Start of SUPPLIED MATERIAL

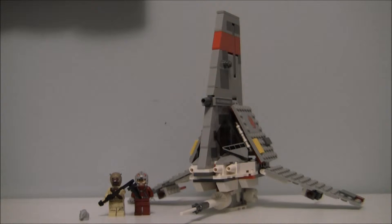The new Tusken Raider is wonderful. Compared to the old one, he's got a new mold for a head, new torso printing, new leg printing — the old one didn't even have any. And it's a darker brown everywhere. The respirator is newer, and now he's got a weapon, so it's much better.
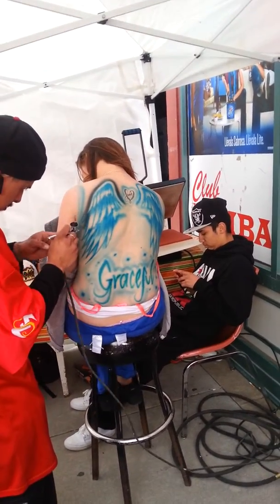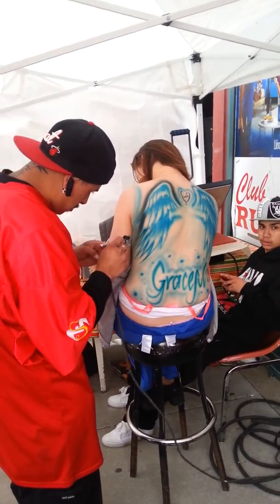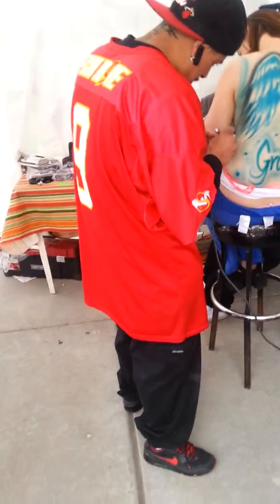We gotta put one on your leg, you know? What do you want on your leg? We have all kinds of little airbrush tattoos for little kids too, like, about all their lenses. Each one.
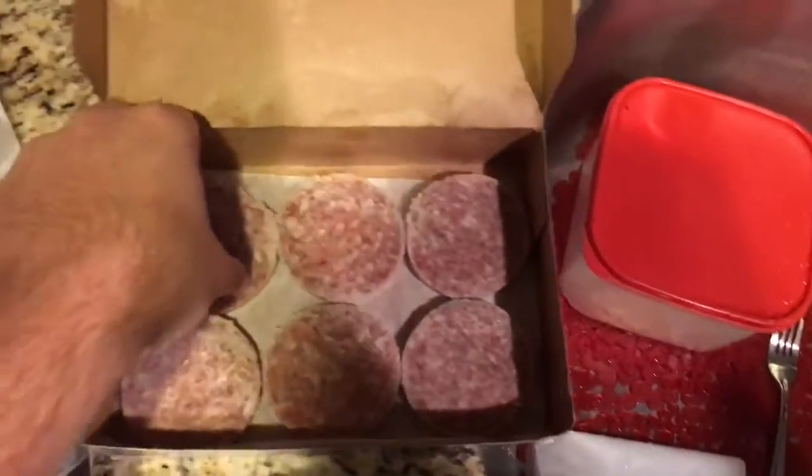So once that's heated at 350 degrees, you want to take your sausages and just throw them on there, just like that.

End of SUPPLIED MATERIAL
Start of SUPPLIED MATERIAL

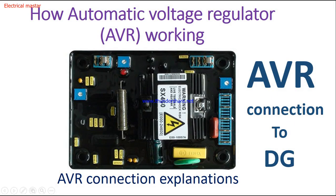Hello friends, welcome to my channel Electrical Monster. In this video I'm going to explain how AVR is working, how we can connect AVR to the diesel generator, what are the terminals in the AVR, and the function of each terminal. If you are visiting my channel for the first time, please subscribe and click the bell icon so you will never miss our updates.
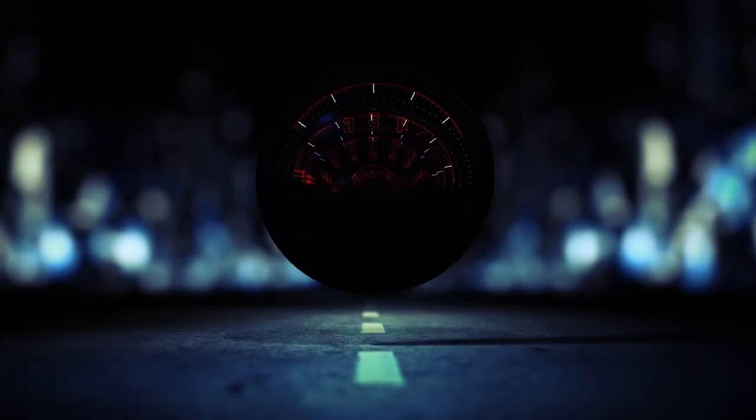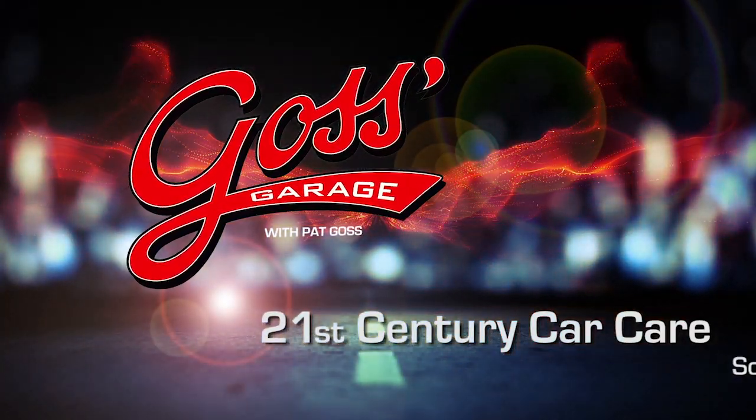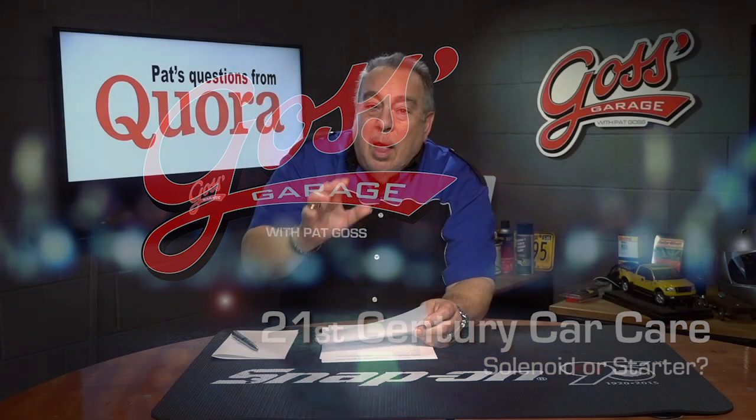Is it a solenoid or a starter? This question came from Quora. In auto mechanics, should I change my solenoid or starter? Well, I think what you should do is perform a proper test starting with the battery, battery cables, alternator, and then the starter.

End of SUPPLIED MATERIAL
Start of SUPPLIED MATERIAL

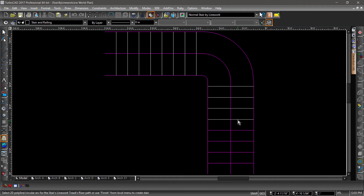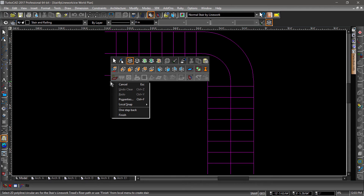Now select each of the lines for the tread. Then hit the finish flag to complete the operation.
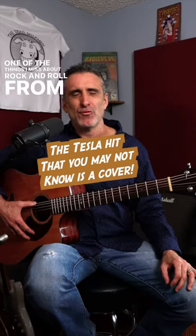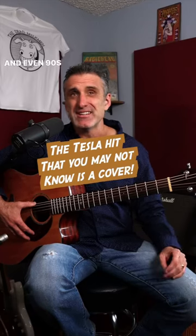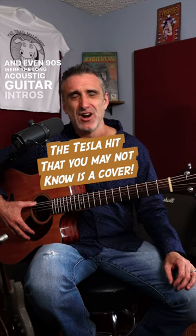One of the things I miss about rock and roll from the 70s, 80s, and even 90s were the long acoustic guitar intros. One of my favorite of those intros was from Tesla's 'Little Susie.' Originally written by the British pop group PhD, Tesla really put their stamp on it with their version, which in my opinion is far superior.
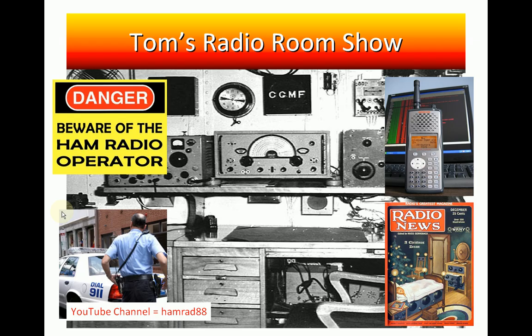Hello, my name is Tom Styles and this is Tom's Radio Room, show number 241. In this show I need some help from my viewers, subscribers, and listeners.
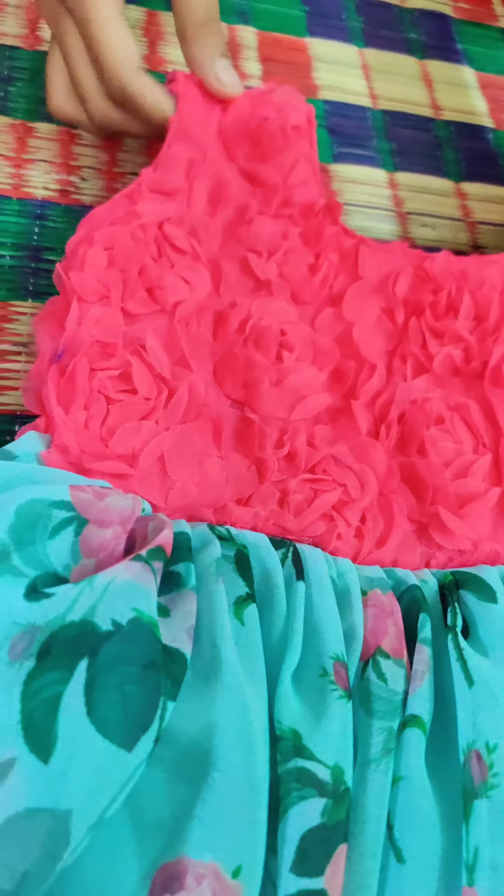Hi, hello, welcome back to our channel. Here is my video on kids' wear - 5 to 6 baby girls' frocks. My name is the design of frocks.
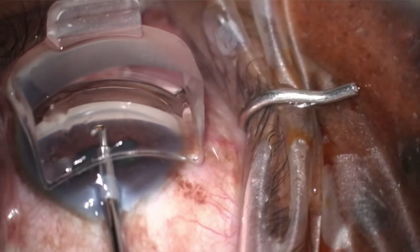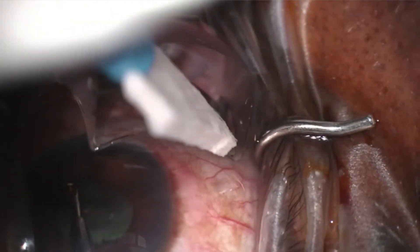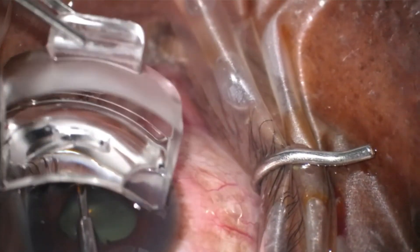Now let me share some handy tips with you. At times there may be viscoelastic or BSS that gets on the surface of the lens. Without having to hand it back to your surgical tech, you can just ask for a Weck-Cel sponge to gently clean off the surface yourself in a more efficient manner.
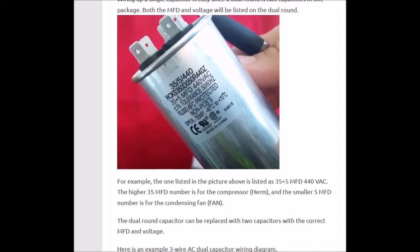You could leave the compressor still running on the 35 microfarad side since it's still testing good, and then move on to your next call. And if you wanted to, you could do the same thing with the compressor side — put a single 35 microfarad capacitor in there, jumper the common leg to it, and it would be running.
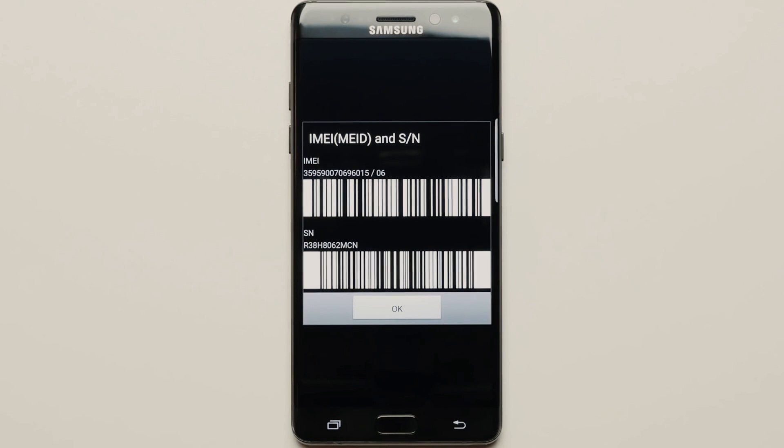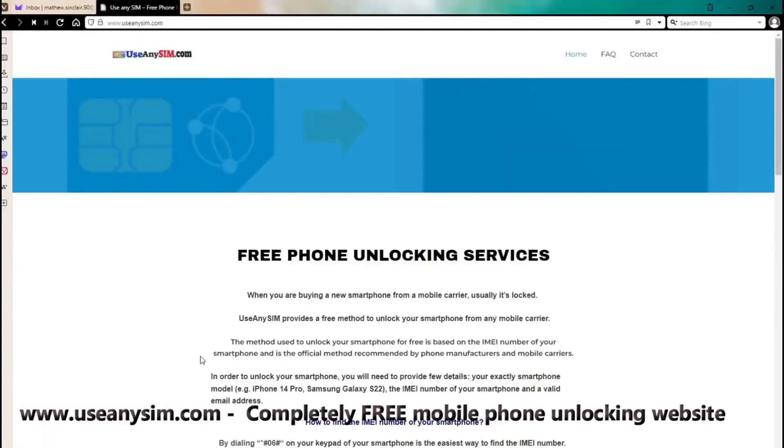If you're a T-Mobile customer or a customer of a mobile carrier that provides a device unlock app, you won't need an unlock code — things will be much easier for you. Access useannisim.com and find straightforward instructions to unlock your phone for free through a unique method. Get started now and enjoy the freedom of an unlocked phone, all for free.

End of SUPPLIED MATERIAL

= WHAT TO WORK ON =
Print, word for word, the lines above that run from the line containing "Now let me share" to the line containing "If you're a", both included. Keep the pictures out.

= OUTPUT OF THE TASK =
Now let me share some handy tips with you. At times there may be viscoelastic or BSS that gets on the surface of the lens. Without having to hand it back to your surgical tech, you can just ask for a Weck-Cel sponge to gently clean off the surface yourself in a more efficient manner.
You could leave the compressor still running on the 35 microfarad side since it's still testing good, and then move on to your next call. And if you wanted to, you could do the same thing with the compressor side — put a single 35 microfarad capacitor in there, jumper the common leg to it, and it would be running.
If you're a T-Mobile customer or a customer of a mobile carrier that provides a device unlock app, you won't need an unlock code — things will be much easier for you. Access useannisim.com and find straightforward instructions to unlock your phone for free through a unique method. Get started now and enjoy the freedom of an unlocked phone, all for free.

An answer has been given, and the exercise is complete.